[PROBLEM DESCRIPTION]
Leaving out every picture, retype the lines below from the top through the one that contains "The next three".

[RAW DATA]
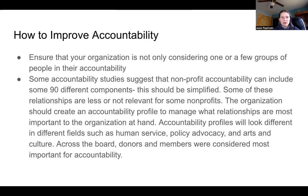To improve accountability, ensure your organization is not only considering one or a few groups in your accountability framework. Some accountability studies suggest that nonprofit accountability can include some 90 different components, which should be simplified based on your organization. The organization should create an accountability profile to manage which relationships are most important. Accountability profiles will look different across different fields such as human service, policy advocacy, and arts and culture.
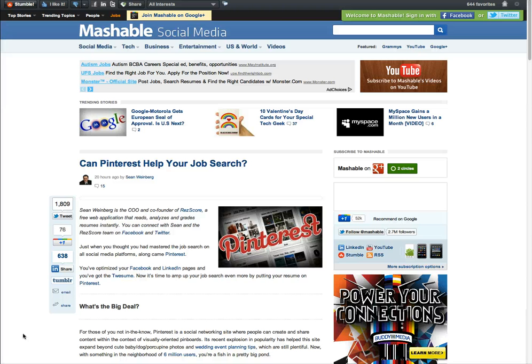Hi, so I came across this article on Mashable today. Can Pinterest help your job search? So I read through it and decided, okay, I'm on Pinterest. I'm a job seeker.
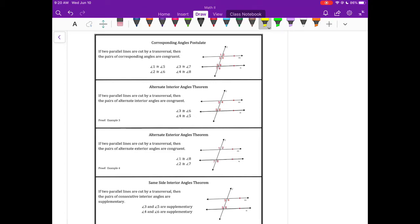The next three are theorems that can be proven by using the corresponding angles postulate. If we have two parallel lines that are cut by a transversal, then the alternate interior angles are congruent. So angle 3 would be congruent to angle 6, and angle 4 would be congruent to angle 5.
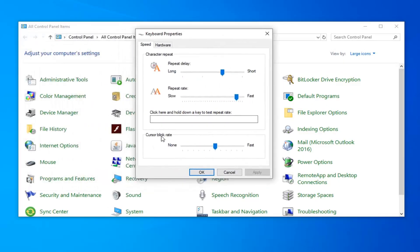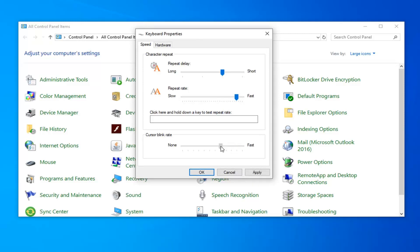The bottom section should say cursor blink rate, and you can see a visual representation here on the left side. So if you want to make it faster, you can see it will start blinking faster. And the opposite will hold true if you move it over further to the left.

[EXERCISE ANSWER]
To improve accountability, ensure your organization is not only considering one or a few groups in your accountability framework. Some accountability studies suggest that nonprofit accountability can include some 90 different components, which should be simplified based on your organization. The organization should create an accountability profile to manage which relationships are most important. Accountability profiles will look different across different fields such as human service, policy advocacy, and arts and culture.
Hi, so I came across this article on Mashable today. Can Pinterest help your job search? So I read through it and decided, okay, I'm on Pinterest. I'm a job seeker.
The next three are theorems that can be proven by using the corresponding angles postulate. If we have two parallel lines that are cut by a transversal, then the alternate interior angles are congruent. So angle 3 would be congruent to angle 6, and angle 4 would be congruent to angle 5.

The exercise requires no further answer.